Material provided:
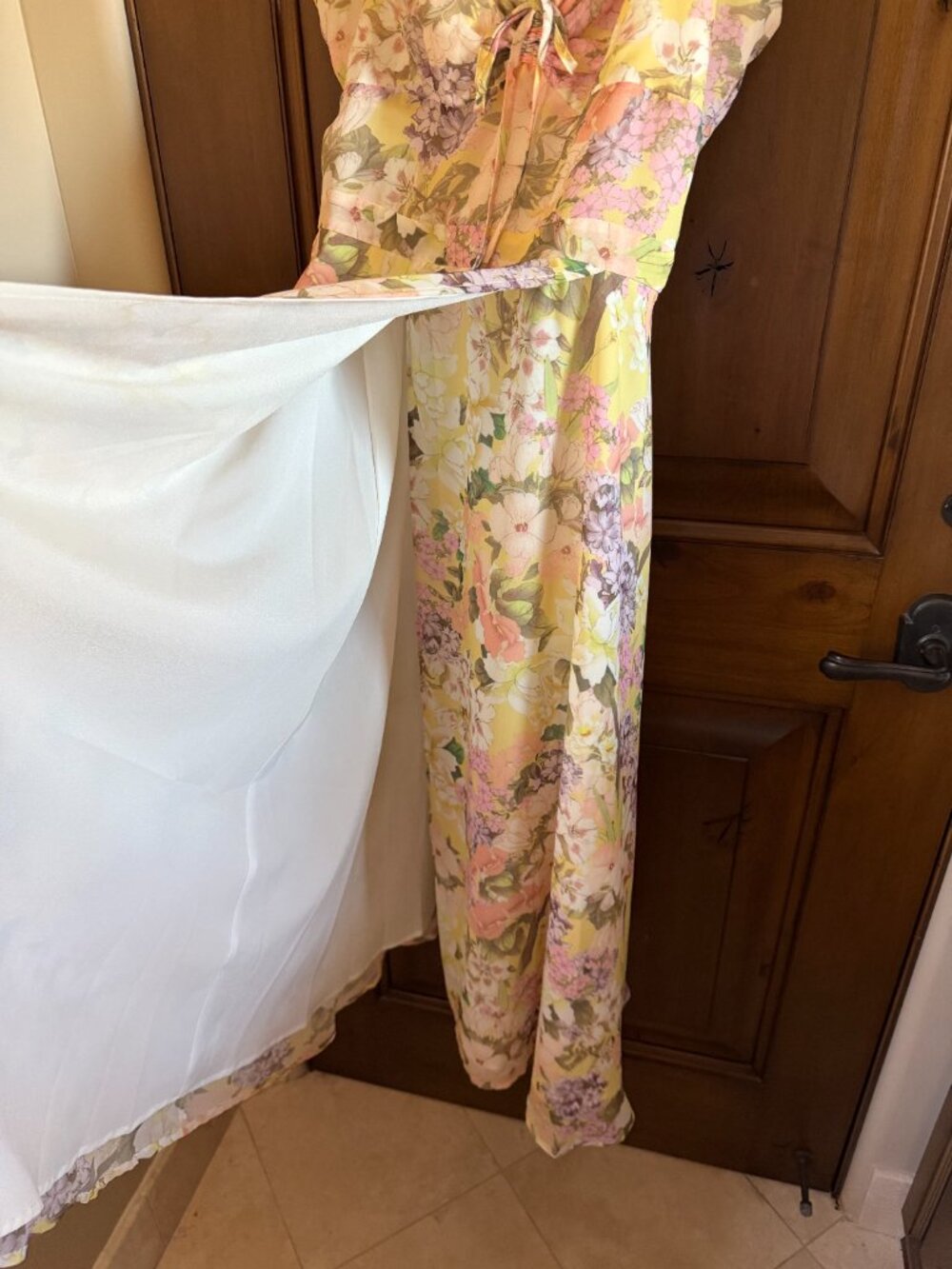 Yumi Kim Ariana Garden Lemon Floral Chiffon Midi Dress Size M - Picture 9 of 9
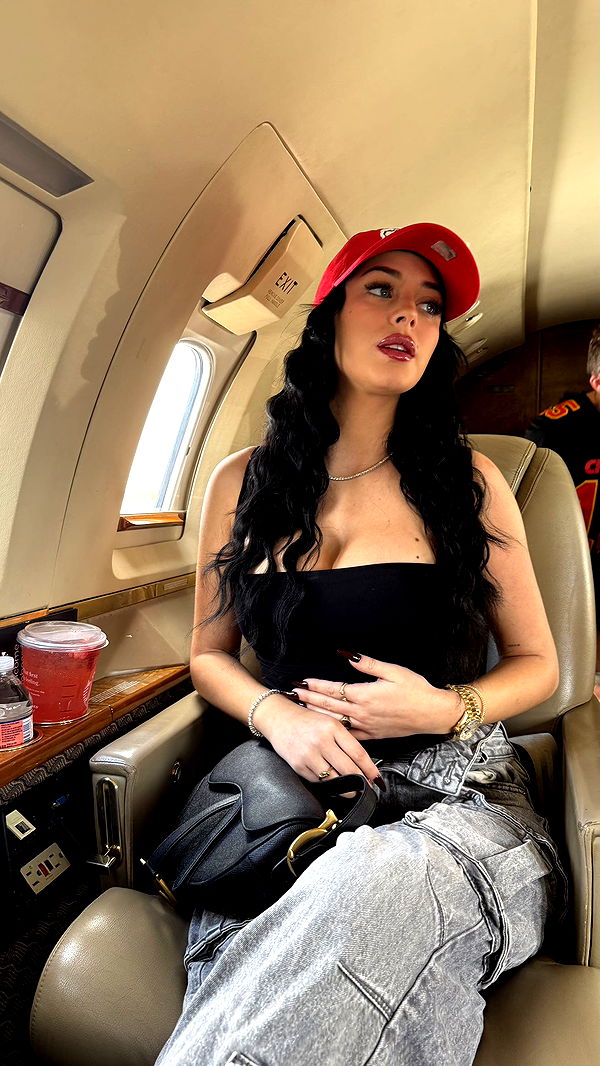 camilla_classy image ~ Altpins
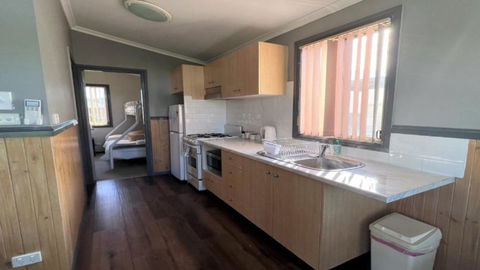 Waterfront Cottage In The Tranquil Sussex Inlet - Pubs and Clubs 3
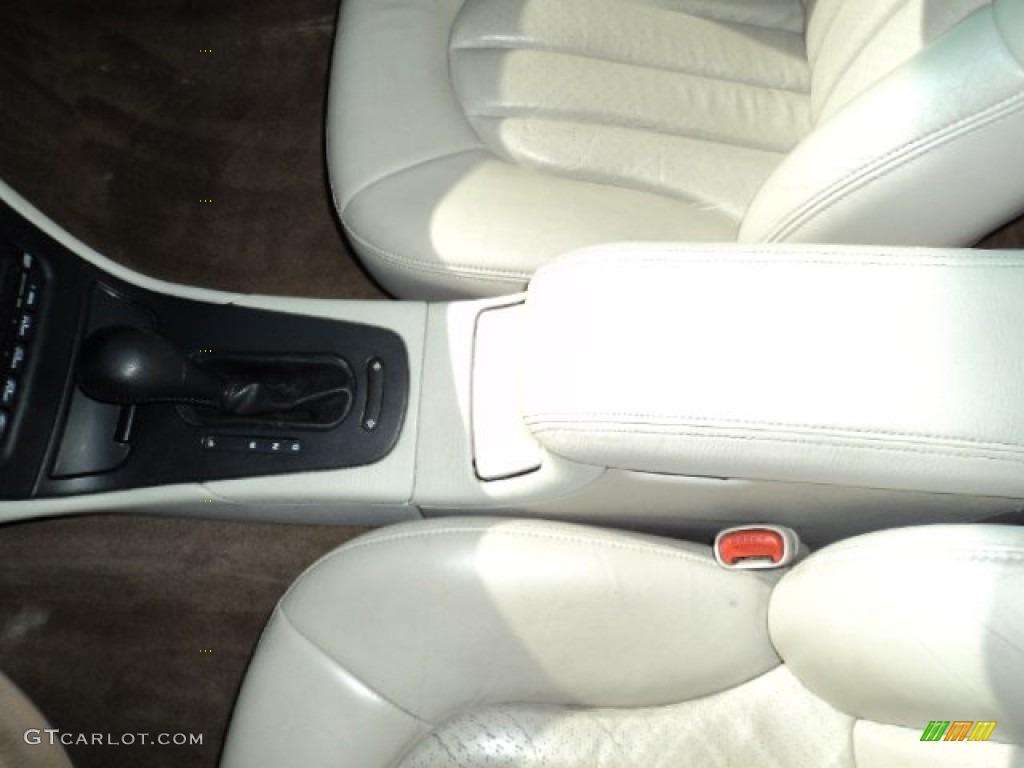2000 300 M Sedan - Champagne Pearl / Camel/Tan photo #14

Task details: Would you set down each line of the data exactly, with no images included?

Your solution:
 Yumi Kim Ariana Garden Lemon Floral Chiffon Midi Dress Size M - Picture 9 of 9
 camilla_classy image ~ Altpins
 Waterfront Cottage In The Tranquil Sussex Inlet - Pubs and Clubs 3
2000 300 M Sedan - Champagne Pearl / Camel/Tan photo #14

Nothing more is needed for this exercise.